● **DATA FOR THIS TASK**
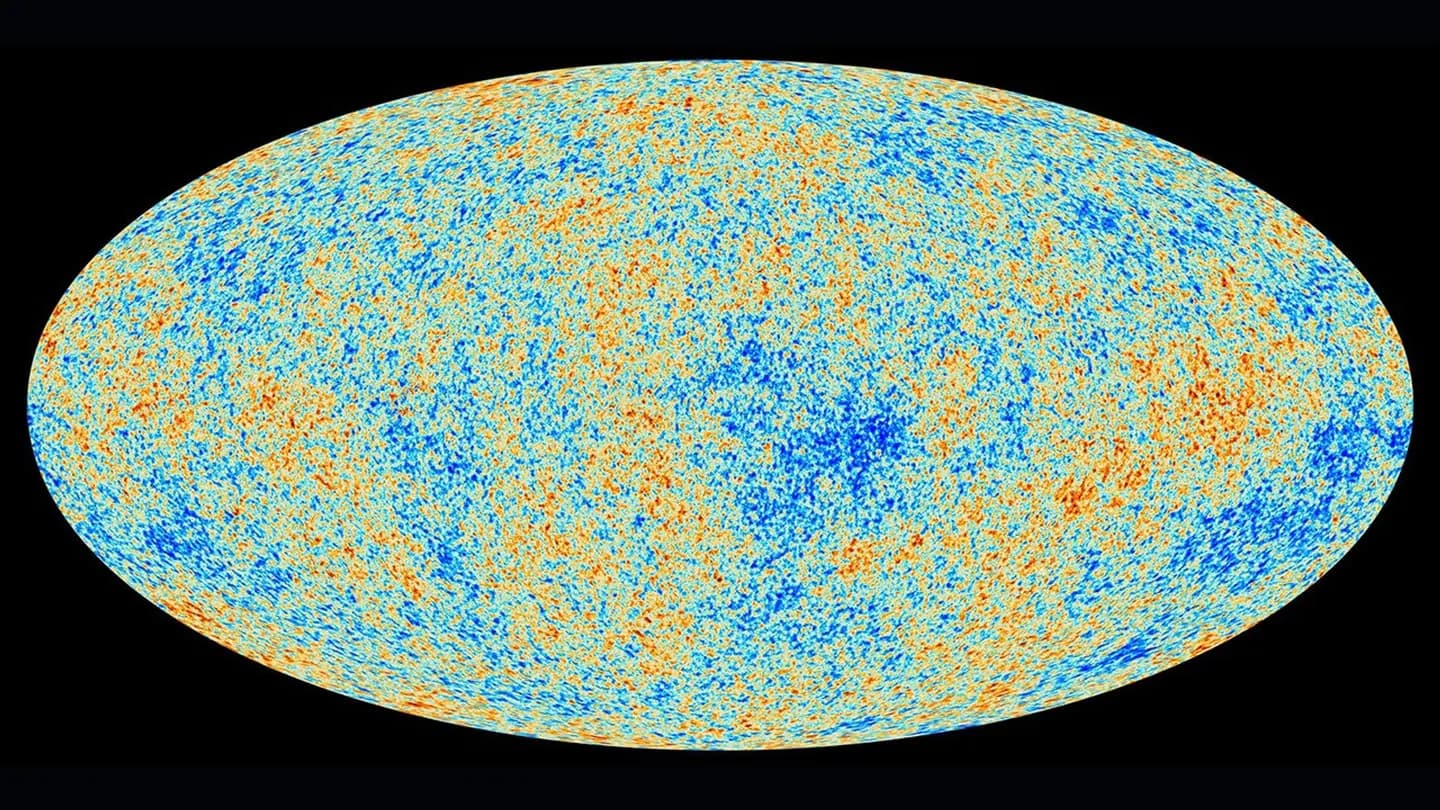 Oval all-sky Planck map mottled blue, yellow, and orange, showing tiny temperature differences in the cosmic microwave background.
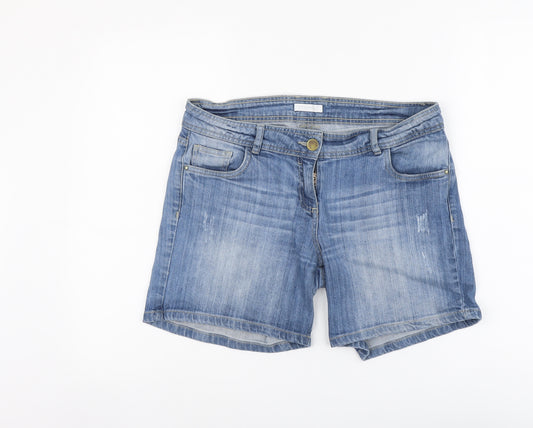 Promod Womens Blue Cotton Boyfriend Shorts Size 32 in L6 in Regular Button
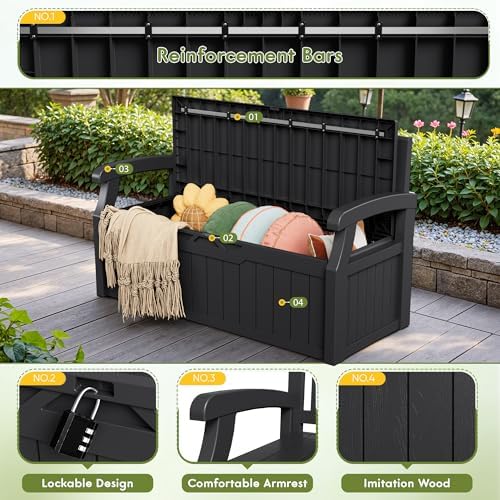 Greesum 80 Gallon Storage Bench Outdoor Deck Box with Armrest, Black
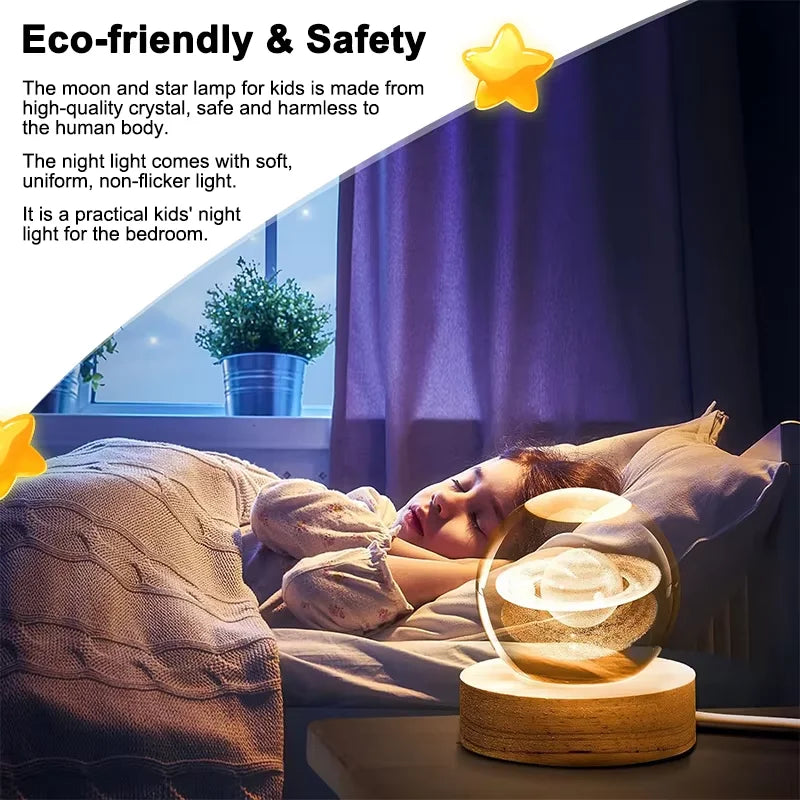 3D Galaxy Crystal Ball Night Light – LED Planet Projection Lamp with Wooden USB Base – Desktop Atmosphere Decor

* * *

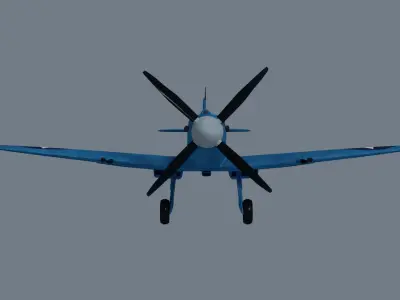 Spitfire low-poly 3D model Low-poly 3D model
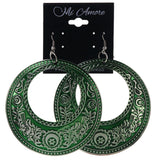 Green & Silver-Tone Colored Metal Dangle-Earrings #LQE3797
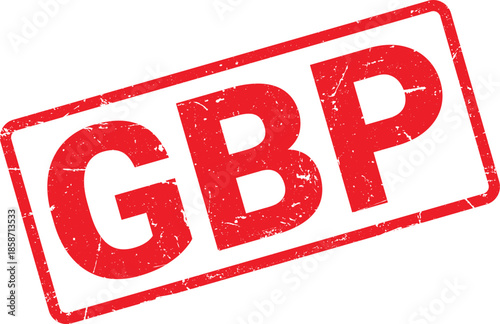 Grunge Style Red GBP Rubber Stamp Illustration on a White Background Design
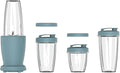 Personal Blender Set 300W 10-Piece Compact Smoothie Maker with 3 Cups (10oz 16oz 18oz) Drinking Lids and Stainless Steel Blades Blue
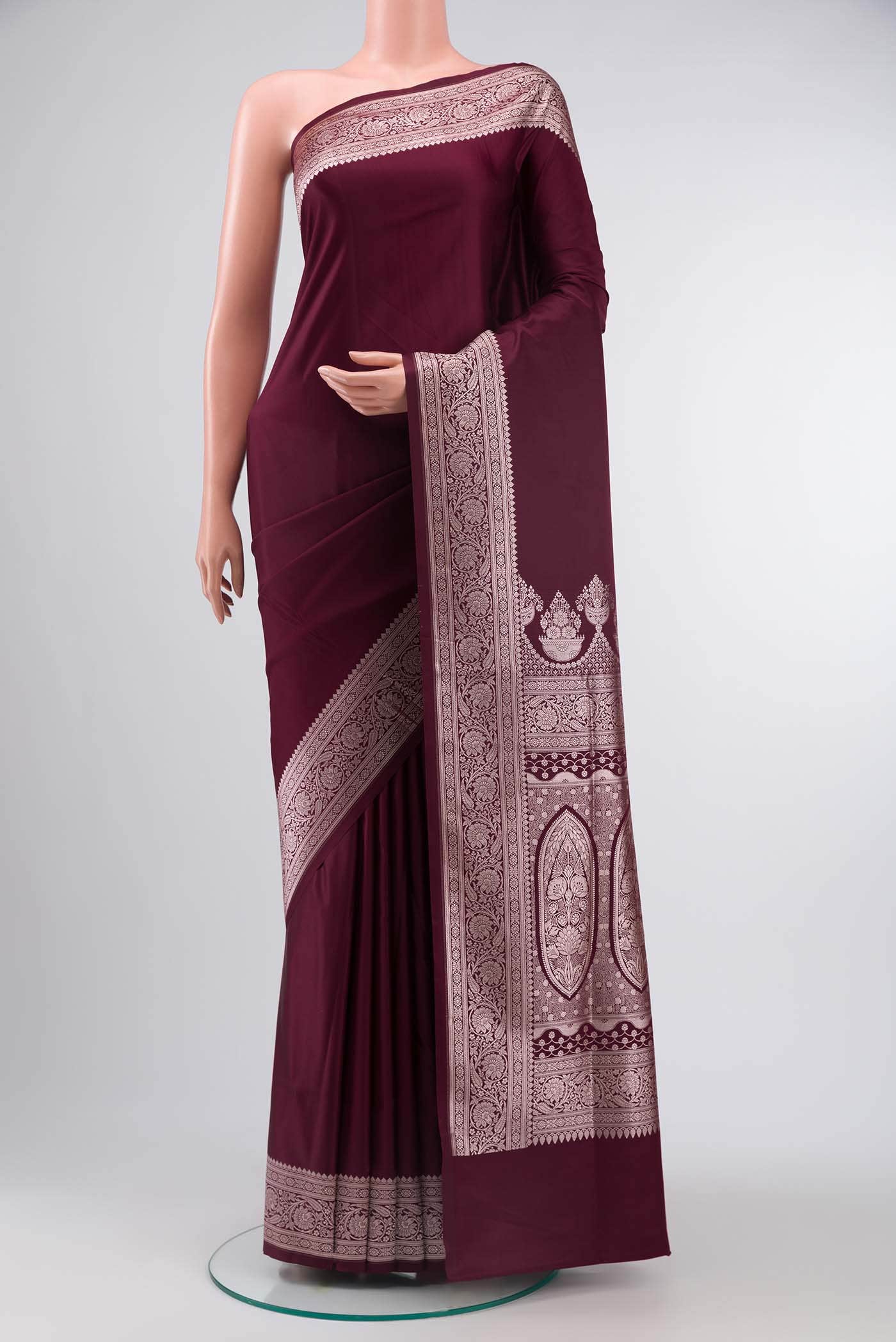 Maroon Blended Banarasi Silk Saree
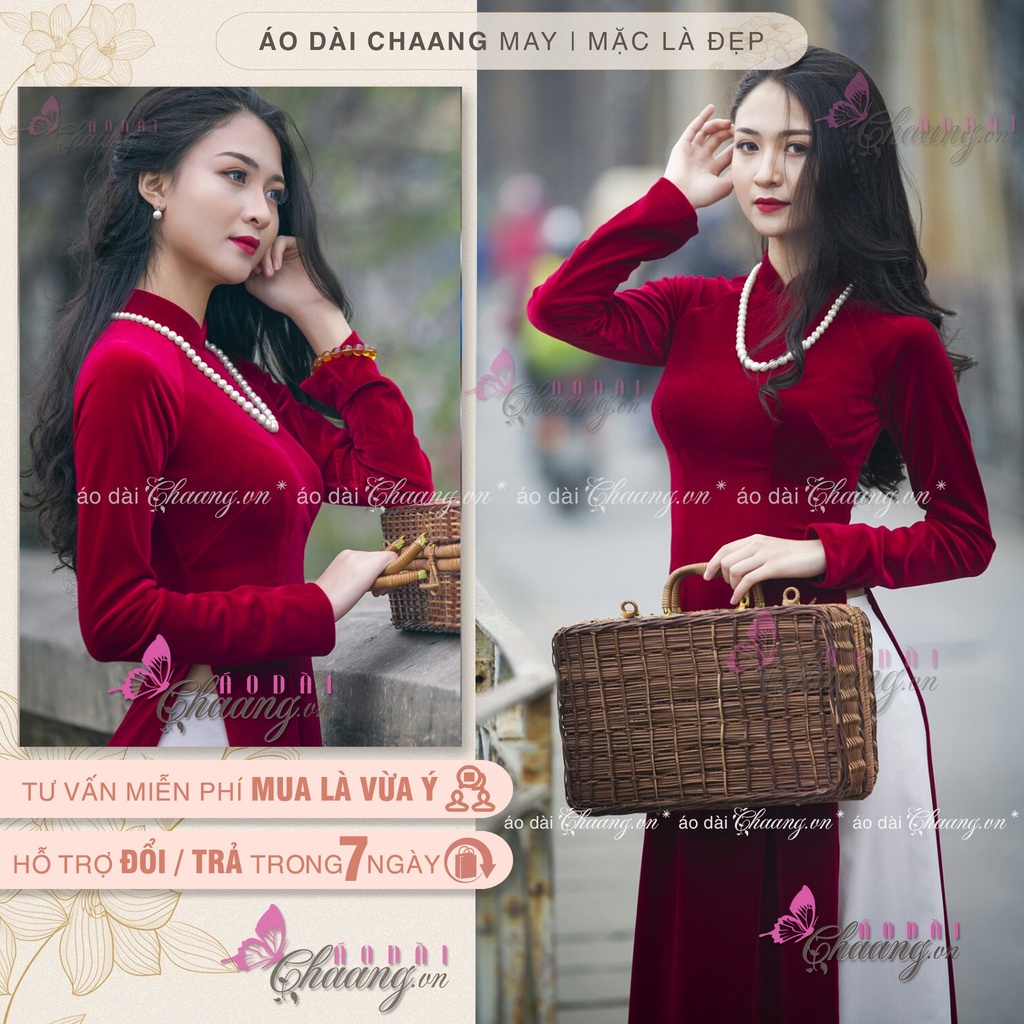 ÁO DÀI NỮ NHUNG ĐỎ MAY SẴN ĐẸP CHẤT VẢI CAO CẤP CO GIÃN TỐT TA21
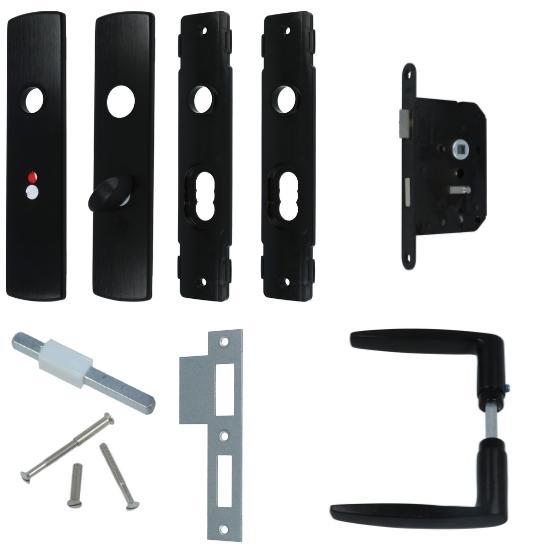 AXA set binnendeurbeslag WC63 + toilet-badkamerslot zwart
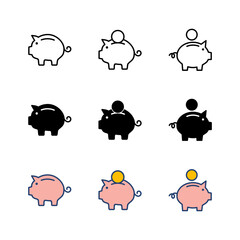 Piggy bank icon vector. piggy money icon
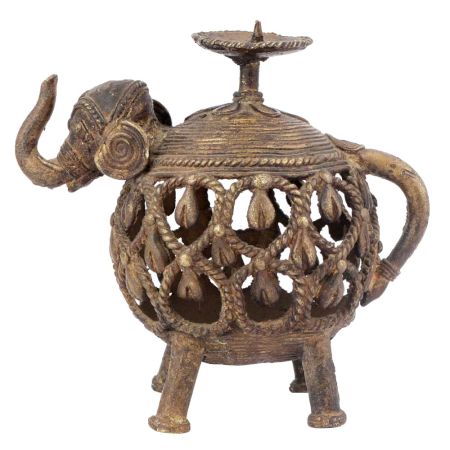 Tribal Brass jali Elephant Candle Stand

...

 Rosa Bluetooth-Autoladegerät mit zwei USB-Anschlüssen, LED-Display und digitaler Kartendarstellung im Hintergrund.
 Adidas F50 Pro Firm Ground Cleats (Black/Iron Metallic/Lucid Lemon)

● **THE PROBLEM**
Keep to the lines above from the line with "Oval all-sky Planck" to the line with "3D Galaxy Crystal", and set down exactly those, inclusive, with nothing else and every picture left out.

● **EXERCISE RESULT**
 Oval all-sky Planck map mottled blue, yellow, and orange, showing tiny temperature differences in the cosmic microwave background.
 Promod Womens Blue Cotton Boyfriend Shorts Size 32 in L6 in Regular Button
 Greesum 80 Gallon Storage Bench Outdoor Deck Box with Armrest, Black
 3D Galaxy Crystal Ball Night Light – LED Planet Projection Lamp with Wooden USB Base – Desktop Atmosphere Decor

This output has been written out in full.